Can you provide any photos of the Mantis? I don't keep Mantids myself but hopefully someone can help identify it


----------



## ddr9248 (Jul 8, 2010)

Okay, so I'll try to get crickets. The problem is my mom isn't too comfortable with the pet "bugger", so crickets kinda will make it worst, but there are crickets in the backyard, so I'll try to catch those. And Ill post pics.


----------



## ddr9248 (Jul 8, 2010)

Here are some pics.


----------



## ddr9248 (Jul 8, 2010)

Heres another pick:


----------



## Vampyria (Dec 14, 2009)

Oh my! He's so very small, isn't he? (Or she )

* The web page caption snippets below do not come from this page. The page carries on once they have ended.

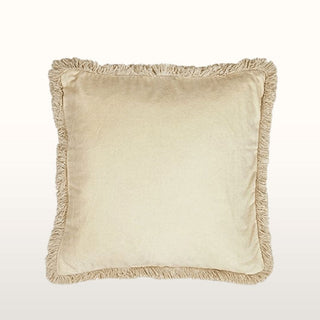 Fringed Velvet Cushion | Ecru| 45x45 in Homewares from Oriana B. www.orianab.com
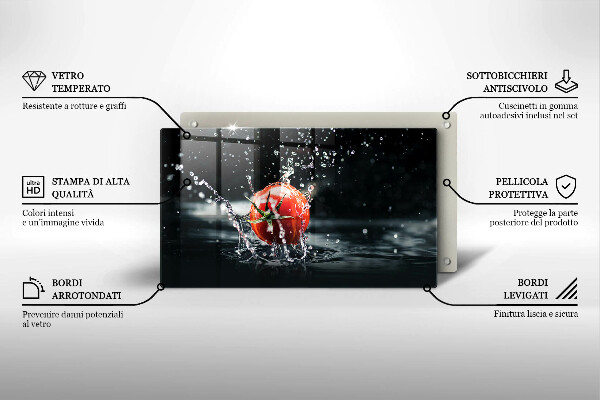 Tagliere in vetro Pomodoro in acqua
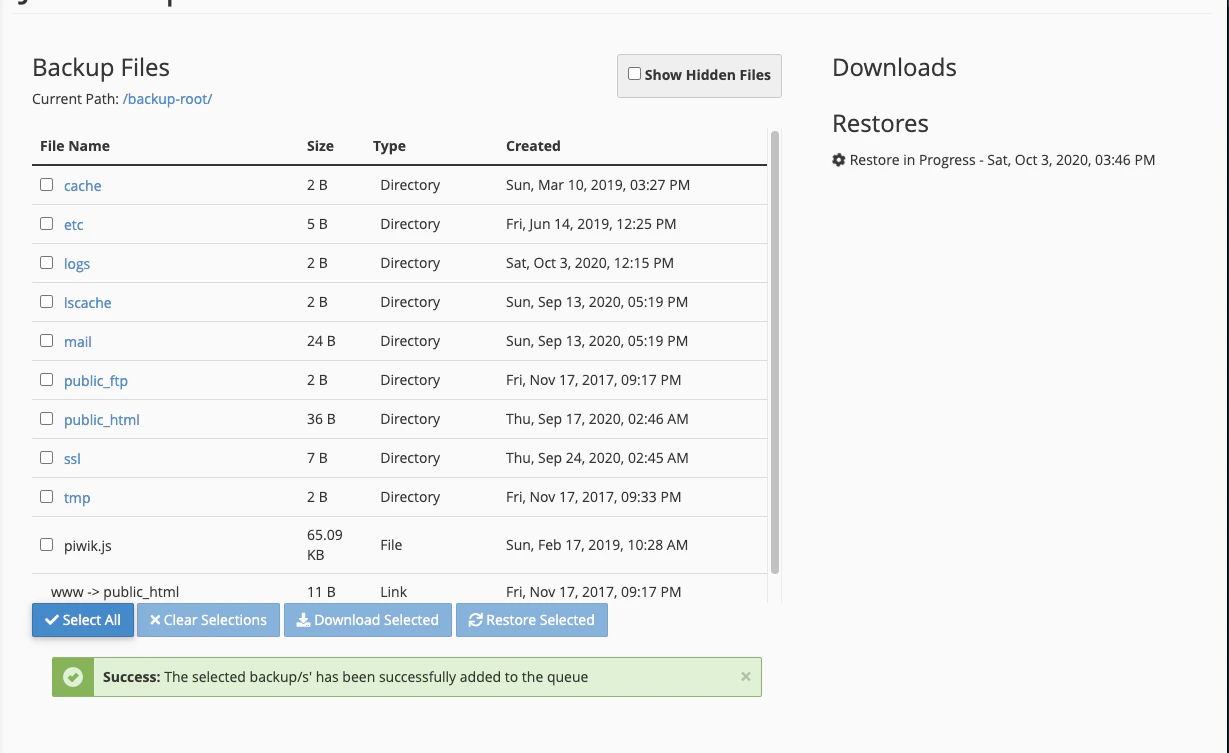 JetBackup restoration in progress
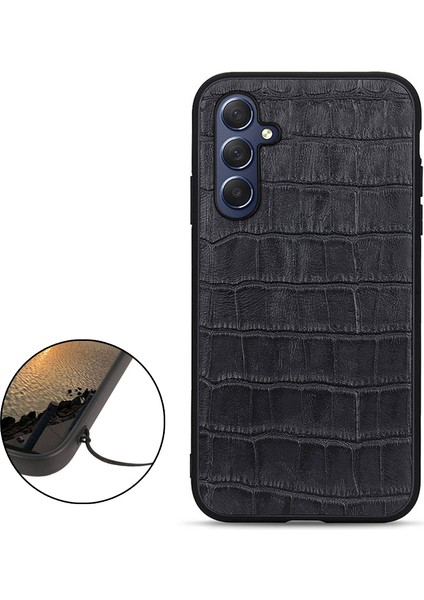 Samsung Galaxy M54 5g Timsah Doku Telefon Kapağı Cowhide Deri+Tpu+Pc Telefon Kılıfı (Yurt Dışından)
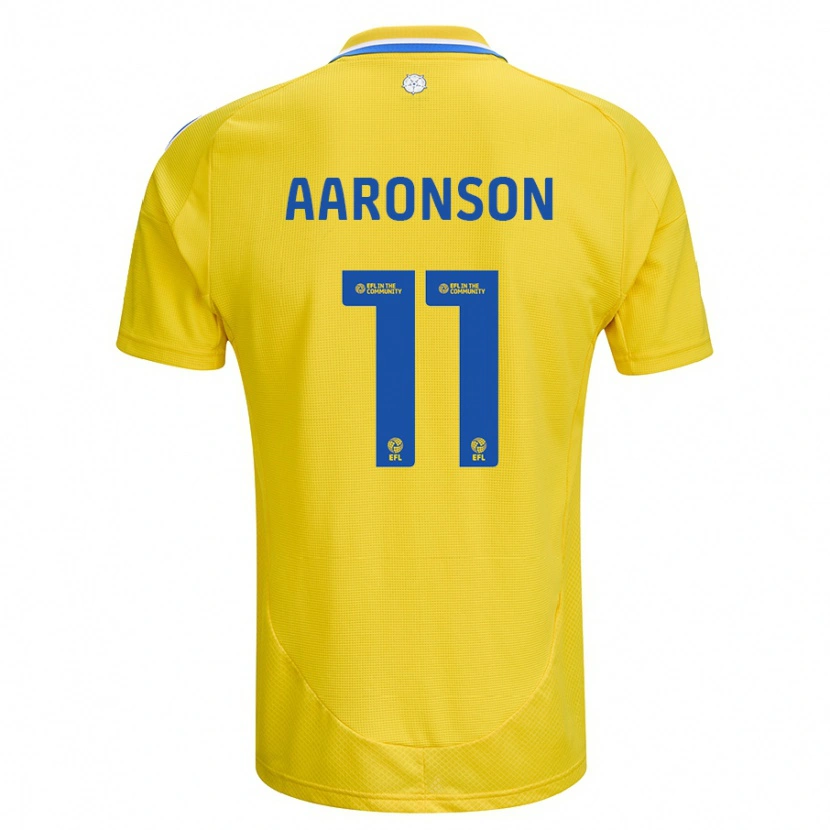 Danxen Mænd Brenden Aaronson #11 Gul Blå Udebane Spillertrøjer 2024/25 Trøje T-Shirt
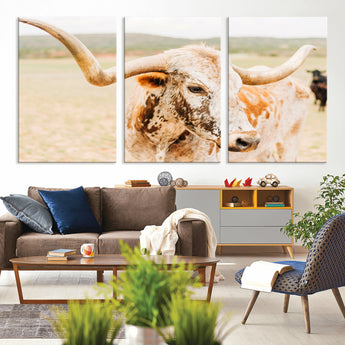 21060648-MGV-CV-36X24-Texas Longhorn Wall Art Canvas Print, Framed Speckled Cow Art Picture Print, Rustic Bull Perfect Rustic Western Decor Artwork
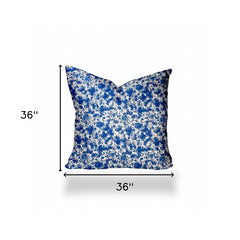 36" X 36" Blue And White Enveloped Coastal Throw Indoor Outdoor Pillow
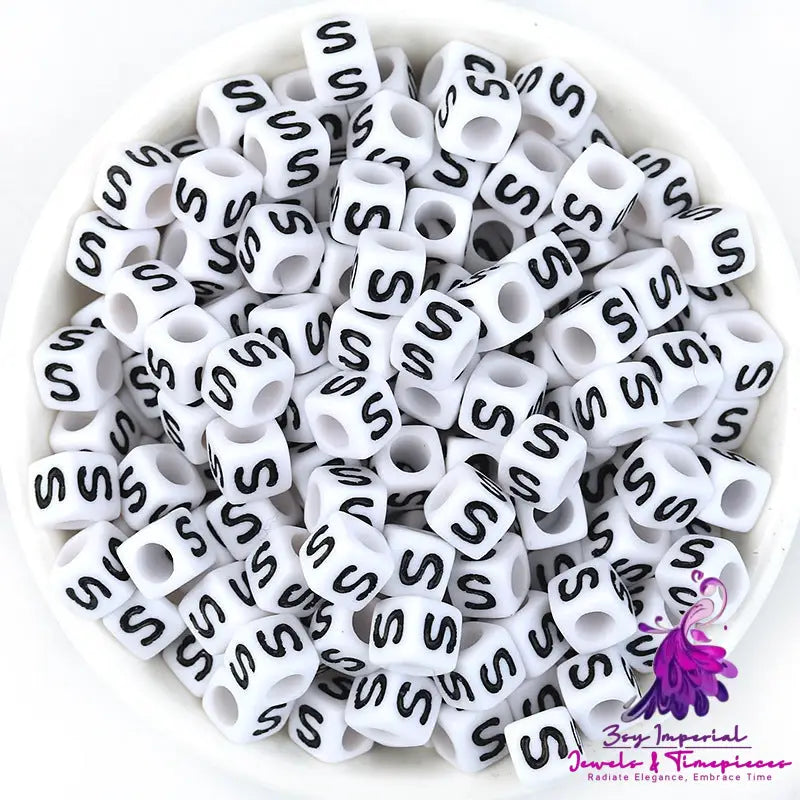 Acrylic English Letters Big Hole Bead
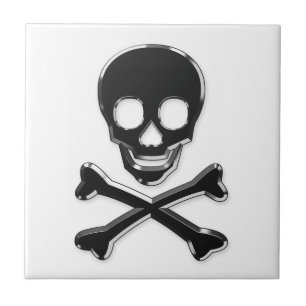 Metall skul and bones ceramic tile
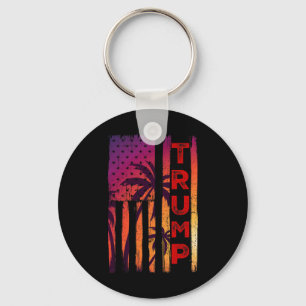 Porte-clés Palm Tree Vintage Distorsion Du Drapeau Américain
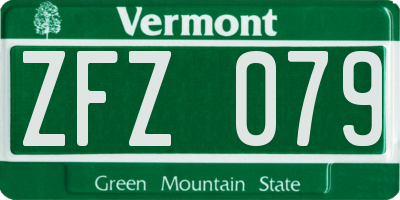 VT license plate ZFZ079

Hopefully someone can come along and help. (My mother doesn't particuarly like insects either but she puts up with my sitck insects )


----------



## Acrophylla (Apr 16, 2008)

Hi - your mantid looks fine. Its body seems quite plump and so it may not be hungry. Mantids can go for days without eating; you only need be concerned if its body looks flat but your mantid's body isn't flat. Ants are not a good food source. Your mantid is relatively big and mantids can eat insects and creatures much larger than themselves. Flies are good; just put some cat food on a saucer outside and the flies will soon come to the food. You can then catch the flies or just leave the mantid on the saucer and it will catch them! Sometimes mantids can catch one fly straight after another, even storing one fly in a front leg whilst it eats the other fly!


----------



## ddr9248 (Jul 8, 2010)

Thanks, just a quick question. how much would be overfeeding?
Like now that its eating, i give it 3 spiders/fruit flies/other small bugs a day. is that enough or too much?


----------